A popular overview seems to be Martin (1999).
4.3 State filters
(Note that you can also do the signal reconstruction problem using state filters, but I’m interested in doing system identification using state filters.) [Jones (1981); MartinAutoregression1998 gave this a go; while (Martin 1998) mentioned problems, I’m curious when it does work, since this seems natural, simple, and easier to make robust against model violations than the other methods.
(Martin 1998):
It is well known that if a univariate continuous time autoregression is sampled at equally spaced time intervals, the resulting, discrete time process is ARMA(p,p-1). If the sampling includes observational error, the resulting process is ARMA(p,p); however, these 2p parameters depend only on the p continuous time autoregression coefficients and the observational error variance. Modeling, the process as a continuous time autoregression with observational error may be much more parsimonious than modeling the discrete time process, whether or not the data are equally spaced.

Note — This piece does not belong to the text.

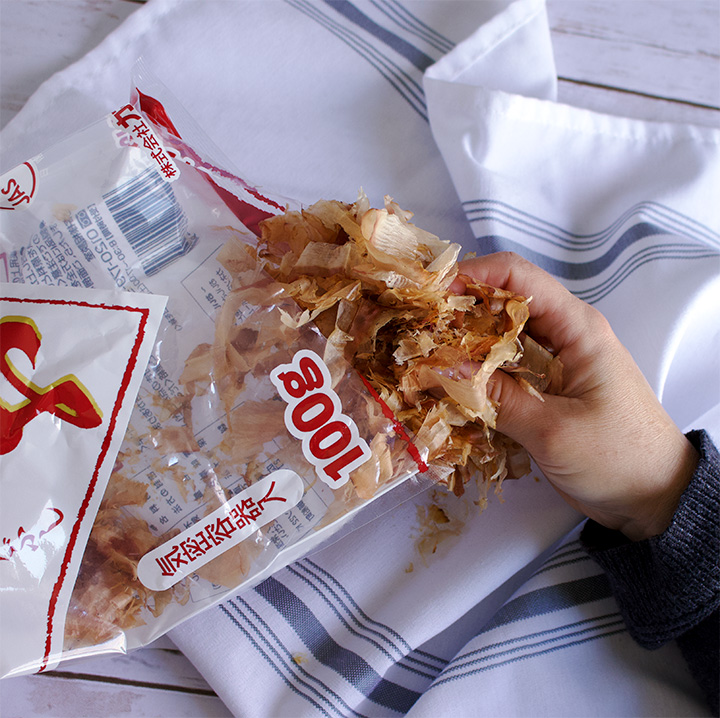 Removing dried bonito flakes from a bag.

The direct modeling of observational error has the effect of smoothing noisy data and may eliminate the need for moving average terms.
5 Online
See recursive estimation.
6 Incoming
Gradient descent learns Linear Dynamical systems
6.1 Linear Predictive Coding
LPC introductions traditionally start with a physical model of the human vocal tract as a resonating pipe, then mumble away the details. This confused the hell out of me. AFAICT, an LPC model is just a list of AR regression coefficients and a driving noise source coefficient. This is “coding” because you can round the numbers, pack them down a smidgen and then use it to encode certain time series, such as the human voice, compactly. But it’s still a regression analysis, and can be treated as such.
The twists are that
- we usually think about it in a compression context
- Traditionally one performs many regressions to get time-varying models
It’s commonly described as a physical model because we can imagine these regression coefficients corresponding to a simplified physical model of the human vocal tract; But we can think of the regression coefficients as corresponding to any all-pole linear system, so I don’t think that brings special insight; especially as the models of, say, a resonating pipe, would intuitively be described by time-delays corresponding to the length of the pipe, not time-lags corresponding to a corresponding sample plus computational convenience. Sure we can get similar spectral response for this model as with a pipe, according to linear systems theory, but if you are going to assume so much advanced linear systems theory anyway, and mix it with crappy physics, why not just start with the linear systems and ditch the physics?
To discuss: these coefficients as spectrogram smoothing.